Friday, February 5, 2010

Mme Pépin: Texas Beef Bake

While sifting through the 'Beef' section of my Healthy Cooking for under $7 cookbook I came across a 'Texas Beef Bake'. It sounded interesting and filling, perfect for a meal in with Mike since he eats like a horse.

The ingredients were simple enough: ground beef, mashed potatoes (from baking potatoes), frozen broccoli, parm cheese, an onion, beef broth, and some seasonings.

For meals involving more than just throwing pasta into boiling water while heating up some sauce, Mike and I like to work together. While he got to work chopping the onion, I skinned the potatoes and waited for the water to boil so I could get them ready for mashing. While we continued to wait for that water to boil, Mike sauteed the onions and I got the rest of the ingredients ready to be added to his pan as needed. Note on the water: just now boiling, potatoes added. Whole. The recommended 15 minutes had passed and the potatoes were in theory supposed to be ready to mash. Mike was running out of things to add to the pan.

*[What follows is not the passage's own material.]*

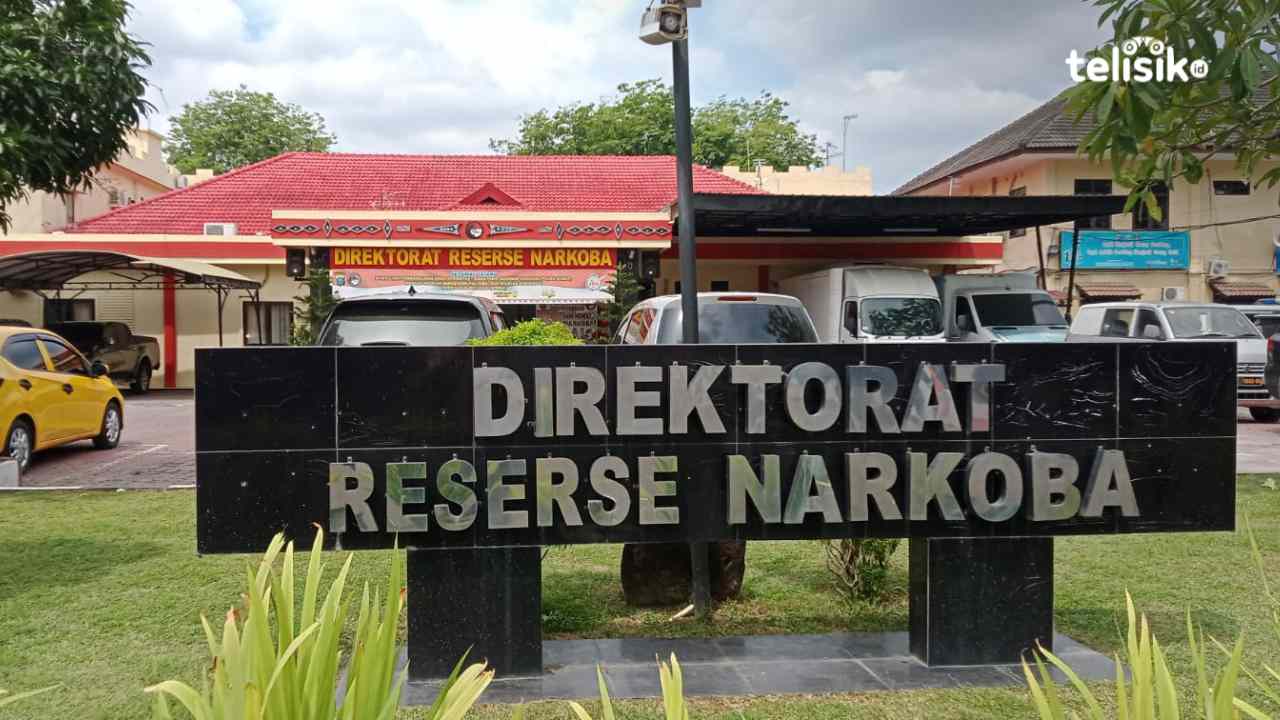 Kantor Direktorat Reserse Narkoba Polda Sumatera Utara tempat ketiga pelaku kurir ganja diamankan dan dilakukan pemeriksaan. Foto: Reza Fahlefy/Telisik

The mashing was not a success, the potatoes were still too hard (note that I'd already drained the water). So, Mike lowered the heat on the contents in the pan, as I got the water boiling. Again. The potatoes sat in the boiling water for another 15 minutes. Still too hard to mash as Mike tested their firmness every few minutes with a mashing utensil. We even debated if the utensil I gave him was appropriate for mashing. Finally Mike said, perhaps we should have cut them up before boiling them. Lightbulb. I looked in the cookbook, and noted that the ingredients called for the potatoes to be cut, not the directions (where I'd been looking this whole time). Oops. Needless to say that made a world of difference and we were back in action.

After everything had been sauteed (the pan turned into a large metal bowl as we ran out of space), we transfered the contents to a pyrex baking pan, sprinkled on the cheese (note next time I will not get grated parm, I'll get shredded), and popped it into the oven. The bake time took longer than expected, Mike attributed that to the cheese being grated.

When all was said and done, Mike did most of this meal, as I threw complications his way left and right (unintentional of course). Despite some of the set backs, the meal tasted excellent. It was incredibly filling, leaving plenty of leftovers (score for me, I got to bring it to work for lunch!).

I will say, don't make this as a company dish since it's quite the opposite of appetizing looking. But it does taste great, is under 400 calories, and is simple to make: if your baking partner isn't me.